* TRY IT: Output the lines below from the one containing "Piéton et cycliste" through the end of the listing, inclusive, exactly as they appear, and nothing further.

* STUDY MATERIAL:
-------

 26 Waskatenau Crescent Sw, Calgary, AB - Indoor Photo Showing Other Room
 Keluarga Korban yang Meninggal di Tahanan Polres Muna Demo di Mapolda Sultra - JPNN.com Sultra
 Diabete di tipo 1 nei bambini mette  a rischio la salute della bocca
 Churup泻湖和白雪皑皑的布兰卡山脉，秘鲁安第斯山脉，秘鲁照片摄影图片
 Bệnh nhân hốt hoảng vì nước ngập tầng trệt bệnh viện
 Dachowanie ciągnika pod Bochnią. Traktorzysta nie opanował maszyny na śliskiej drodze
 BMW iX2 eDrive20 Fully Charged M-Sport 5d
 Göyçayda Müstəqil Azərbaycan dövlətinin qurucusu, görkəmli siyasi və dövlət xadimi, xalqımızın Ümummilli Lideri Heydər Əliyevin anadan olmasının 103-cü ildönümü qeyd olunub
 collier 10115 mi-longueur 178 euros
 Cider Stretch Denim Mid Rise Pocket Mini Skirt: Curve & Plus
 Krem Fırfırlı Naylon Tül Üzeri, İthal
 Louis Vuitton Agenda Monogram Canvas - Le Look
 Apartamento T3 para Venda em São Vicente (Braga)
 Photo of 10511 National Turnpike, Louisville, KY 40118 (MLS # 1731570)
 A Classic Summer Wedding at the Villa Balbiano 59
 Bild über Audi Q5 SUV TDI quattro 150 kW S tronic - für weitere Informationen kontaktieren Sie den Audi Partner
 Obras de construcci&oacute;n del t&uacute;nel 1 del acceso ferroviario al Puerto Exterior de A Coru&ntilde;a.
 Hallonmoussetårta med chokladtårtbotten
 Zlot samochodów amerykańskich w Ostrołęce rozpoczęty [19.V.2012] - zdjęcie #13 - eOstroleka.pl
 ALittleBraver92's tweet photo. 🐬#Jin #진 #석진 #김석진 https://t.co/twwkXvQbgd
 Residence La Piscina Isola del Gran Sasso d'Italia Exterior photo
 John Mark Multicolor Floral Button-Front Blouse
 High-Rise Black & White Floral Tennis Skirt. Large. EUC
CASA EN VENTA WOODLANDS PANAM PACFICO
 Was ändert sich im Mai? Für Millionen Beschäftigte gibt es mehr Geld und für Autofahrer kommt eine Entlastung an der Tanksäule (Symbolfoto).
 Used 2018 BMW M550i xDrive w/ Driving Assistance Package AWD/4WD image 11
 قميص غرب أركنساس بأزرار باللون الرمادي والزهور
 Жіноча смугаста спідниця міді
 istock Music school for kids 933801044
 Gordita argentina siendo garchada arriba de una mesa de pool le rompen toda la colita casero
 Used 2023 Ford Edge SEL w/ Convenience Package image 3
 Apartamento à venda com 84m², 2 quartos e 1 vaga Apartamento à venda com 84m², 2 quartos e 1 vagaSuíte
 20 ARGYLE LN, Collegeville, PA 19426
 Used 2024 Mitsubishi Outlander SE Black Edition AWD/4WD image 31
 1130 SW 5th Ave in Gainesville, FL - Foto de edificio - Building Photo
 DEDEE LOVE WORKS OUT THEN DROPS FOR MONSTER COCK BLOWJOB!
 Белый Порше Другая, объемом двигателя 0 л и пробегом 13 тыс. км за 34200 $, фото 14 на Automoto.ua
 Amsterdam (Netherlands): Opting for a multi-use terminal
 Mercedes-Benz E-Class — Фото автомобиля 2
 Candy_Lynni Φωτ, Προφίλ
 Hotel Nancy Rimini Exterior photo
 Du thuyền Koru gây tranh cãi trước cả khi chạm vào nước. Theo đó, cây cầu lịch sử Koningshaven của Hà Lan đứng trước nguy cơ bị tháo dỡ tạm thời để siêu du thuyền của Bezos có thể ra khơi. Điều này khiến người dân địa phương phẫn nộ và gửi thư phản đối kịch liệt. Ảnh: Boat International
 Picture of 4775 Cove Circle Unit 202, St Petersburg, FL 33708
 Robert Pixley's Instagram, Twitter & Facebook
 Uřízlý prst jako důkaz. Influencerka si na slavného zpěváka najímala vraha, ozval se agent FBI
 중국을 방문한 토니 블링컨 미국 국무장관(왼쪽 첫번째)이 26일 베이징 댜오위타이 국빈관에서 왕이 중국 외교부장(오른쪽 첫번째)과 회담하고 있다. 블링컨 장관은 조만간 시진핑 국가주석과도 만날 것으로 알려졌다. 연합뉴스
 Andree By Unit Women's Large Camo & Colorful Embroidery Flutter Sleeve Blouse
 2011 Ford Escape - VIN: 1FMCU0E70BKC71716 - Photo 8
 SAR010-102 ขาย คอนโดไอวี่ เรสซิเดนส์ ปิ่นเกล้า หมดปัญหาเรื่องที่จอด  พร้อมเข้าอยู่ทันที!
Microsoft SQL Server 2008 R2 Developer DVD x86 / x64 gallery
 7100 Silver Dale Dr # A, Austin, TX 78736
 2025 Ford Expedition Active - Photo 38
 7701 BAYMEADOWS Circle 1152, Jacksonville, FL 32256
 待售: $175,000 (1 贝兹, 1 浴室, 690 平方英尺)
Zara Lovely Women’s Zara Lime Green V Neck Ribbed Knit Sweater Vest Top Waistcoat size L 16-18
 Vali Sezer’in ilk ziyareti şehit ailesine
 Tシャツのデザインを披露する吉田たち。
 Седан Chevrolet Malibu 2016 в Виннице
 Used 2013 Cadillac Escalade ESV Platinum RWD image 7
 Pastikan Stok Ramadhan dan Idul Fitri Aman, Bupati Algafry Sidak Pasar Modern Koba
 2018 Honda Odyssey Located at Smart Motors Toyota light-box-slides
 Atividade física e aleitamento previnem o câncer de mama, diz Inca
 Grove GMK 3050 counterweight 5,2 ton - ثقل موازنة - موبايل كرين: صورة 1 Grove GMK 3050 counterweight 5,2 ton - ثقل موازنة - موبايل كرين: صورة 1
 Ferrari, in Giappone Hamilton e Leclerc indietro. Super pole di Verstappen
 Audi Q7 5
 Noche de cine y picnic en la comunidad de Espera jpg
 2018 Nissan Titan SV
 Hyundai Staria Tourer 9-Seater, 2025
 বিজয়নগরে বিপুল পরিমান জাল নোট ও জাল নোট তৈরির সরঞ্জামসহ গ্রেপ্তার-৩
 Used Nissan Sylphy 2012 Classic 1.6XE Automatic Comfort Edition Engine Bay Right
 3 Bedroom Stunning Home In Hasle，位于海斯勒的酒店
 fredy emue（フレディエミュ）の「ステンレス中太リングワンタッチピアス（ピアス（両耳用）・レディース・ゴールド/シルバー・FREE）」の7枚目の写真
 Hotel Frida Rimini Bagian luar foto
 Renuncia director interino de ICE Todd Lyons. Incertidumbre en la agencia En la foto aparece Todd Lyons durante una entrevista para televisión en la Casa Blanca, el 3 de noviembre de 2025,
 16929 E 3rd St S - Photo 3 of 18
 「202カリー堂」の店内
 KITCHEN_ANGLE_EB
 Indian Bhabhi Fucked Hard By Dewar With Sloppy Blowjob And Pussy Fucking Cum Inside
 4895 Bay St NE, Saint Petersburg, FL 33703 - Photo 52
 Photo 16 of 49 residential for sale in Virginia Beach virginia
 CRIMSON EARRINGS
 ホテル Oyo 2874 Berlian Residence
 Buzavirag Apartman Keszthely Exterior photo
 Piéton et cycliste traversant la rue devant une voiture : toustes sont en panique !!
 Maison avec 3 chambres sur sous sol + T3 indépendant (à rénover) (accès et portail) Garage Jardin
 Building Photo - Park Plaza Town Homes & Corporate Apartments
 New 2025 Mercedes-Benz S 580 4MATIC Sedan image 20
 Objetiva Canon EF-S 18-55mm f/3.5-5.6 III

-------

* TASK ANSWER:
 Piéton et cycliste traversant la rue devant une voiture : toustes sont en panique !!
 Maison avec 3 chambres sur sous sol + T3 indépendant (à rénover) (accès et portail) Garage Jardin
 Building Photo - Park Plaza Town Homes & Corporate Apartments
 New 2025 Mercedes-Benz S 580 4MATIC Sedan image 20
 Objetiva Canon EF-S 18-55mm f/3.5-5.6 III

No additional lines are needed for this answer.